The front section of the store was for local authors. As you walk in a bit further, it felt like you were in a living room filled with used books along with new releases separated by genre. On the far end opposite the entrance was classic books; not just classic, but early editions and copyrights from James Joyce to Ernest Hemingway to Jonathan Swift. There is something about holding an old book, well-worn and would hope was well read in its day. I thumbed through a few pages of Joyce’s Ulysses as Kathleen wandered through the children’s area looking for titles for her grandchildren. That’s when she came across a series of books which took me back to my childhood.
It was not the Hardy Boy Mysteries or Encyclopedia Brown, although I enjoyed reading both as a kid. It was the Choose Your Own Adventure series. This was a unique concept which put the reader right into the action of the story as you had to decide what happens next. After reading the first two pages of the story, you had to choose what to do or where to go next, then turn to the appropriate page to continue the story.
As a 10-year-old boy, I read those books over and over until they were worn out and the spine no longer held the pages bound. My favorite was Space and Beyond where you get to travel through black holes and meteor showers. Other adventures were the Abominable Snowman, Journey Under the Sea, and The House of Danger, just to name a few.
My free time was spent sitting on our living couch, or in a fort I’d build in my bedroom and read all the while pretending the adventure was real. I was the one in the family who begged, “Just one more chapter” when mom said, “Lights out, time for bed.”
During our visit to this bookstore, I read about halfway through Space and Beyond and felt like I was back in my childhood when my obsession was going to the library or a bookstore and wishing I had the time to read all the titles which interest me. I still feel that way today.

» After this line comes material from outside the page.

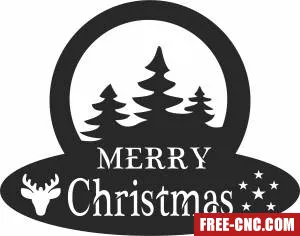 Merry christmas wall art - Free dxf files ready to cut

One summer as we drove up to Cape Cod, Massachusetts for our family vacation, I recall reading The House with a Clock in Its Walls by John Bellairs. The main character, Lewis searched through his Uncle Jonathan’s house to find a ticking clock that was going to end the world. Lewis went through secret passageways, winding staircases, and trick fireplaces in search of this clock. I remembered wanting to be Lewis as I read this book and felt like it was really me going through the mansion and following the sounds of tick-tick-tick. Unfortunately, Cooperfish Books did not have this title on its shelves, otherwise I would have spent more time revisiting my childhood.
It’s now on my bucket list to once a year reread a book from my childhood. While you can’t go back in time and relive your youth, the magic of a book or two can certainly let you visit, even if just for a while.